↓↓↓

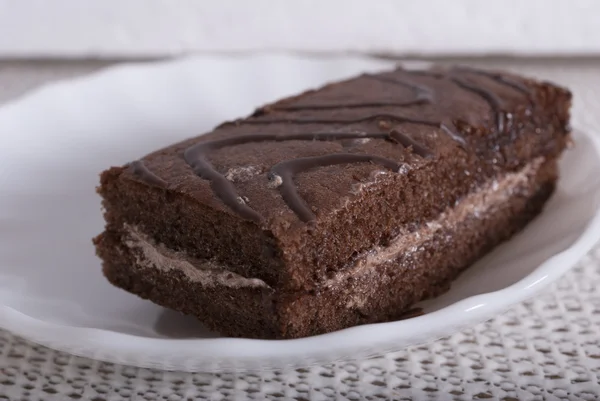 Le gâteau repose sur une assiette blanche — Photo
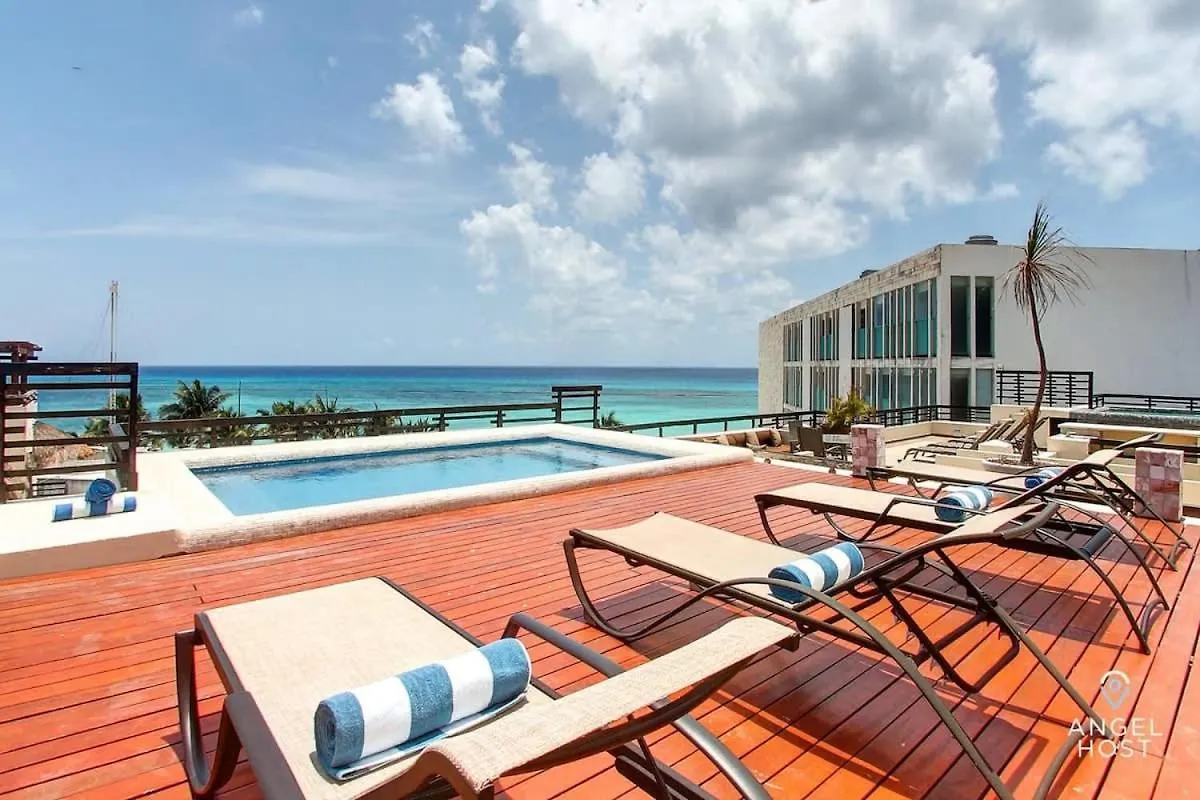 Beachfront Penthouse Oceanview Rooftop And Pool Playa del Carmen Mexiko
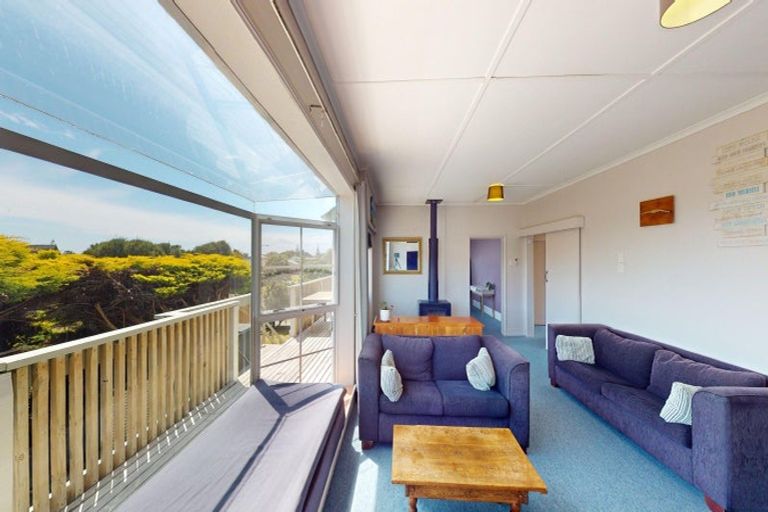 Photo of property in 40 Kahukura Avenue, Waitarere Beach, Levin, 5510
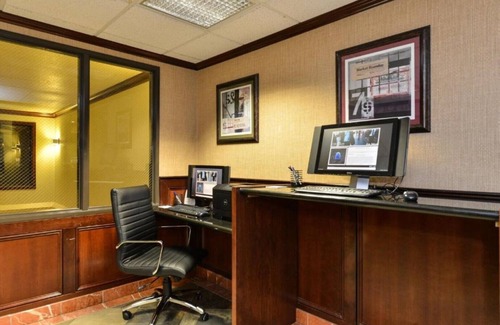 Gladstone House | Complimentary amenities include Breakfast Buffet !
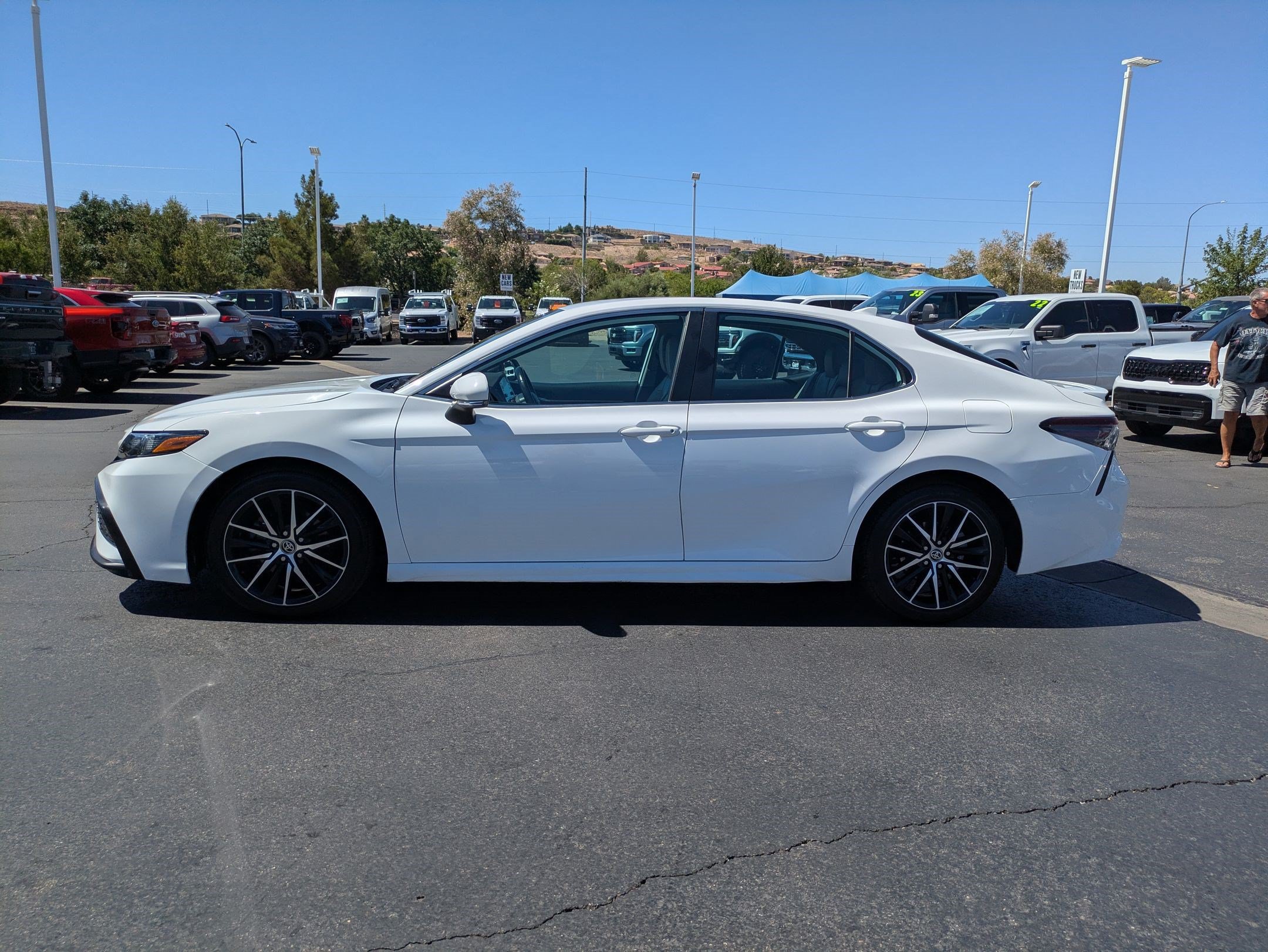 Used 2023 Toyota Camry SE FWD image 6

↑↑↑
↓↓↓

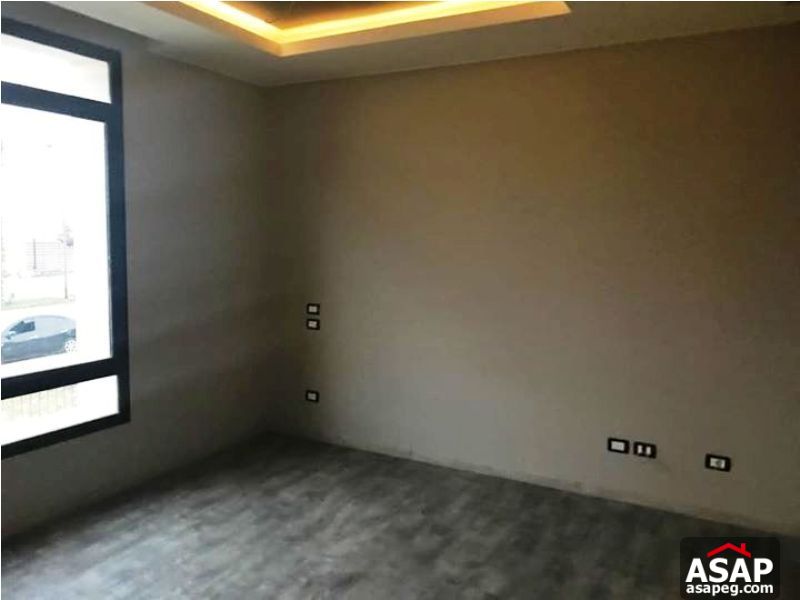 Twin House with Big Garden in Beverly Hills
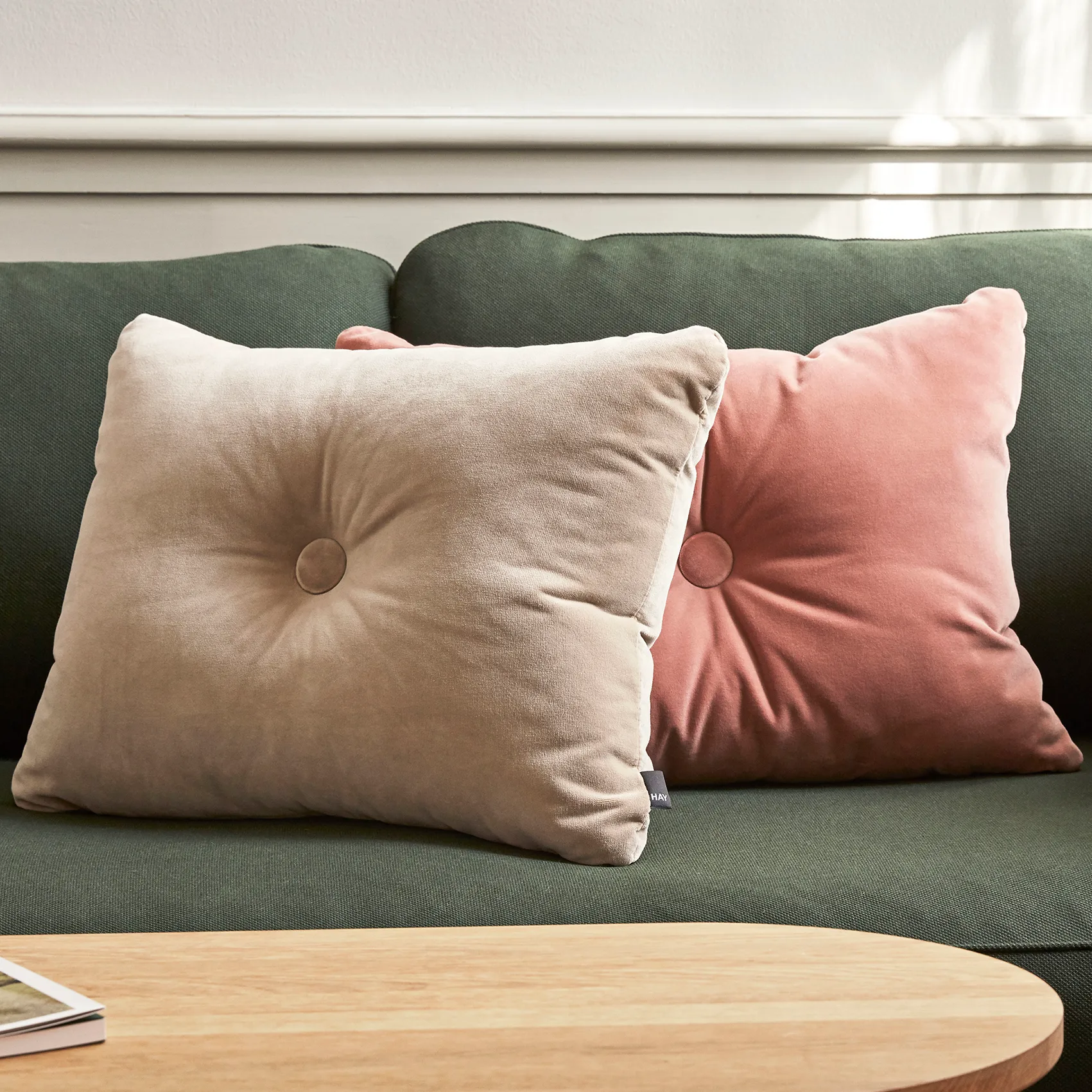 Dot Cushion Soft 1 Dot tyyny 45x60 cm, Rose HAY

↑↑↑

[What to produce]: Copy the lines above exactly, starting at the one with "Twin House with Big Garden in Beverly Hills" and ending at the one with "Dot Cushion Soft", both included. Leave out any pictures and add nothing else.

[Response to this exercise]:
 Twin House with Big Garden in Beverly Hills
 Dot Cushion Soft 1 Dot tyyny 45x60 cm, Rose HAY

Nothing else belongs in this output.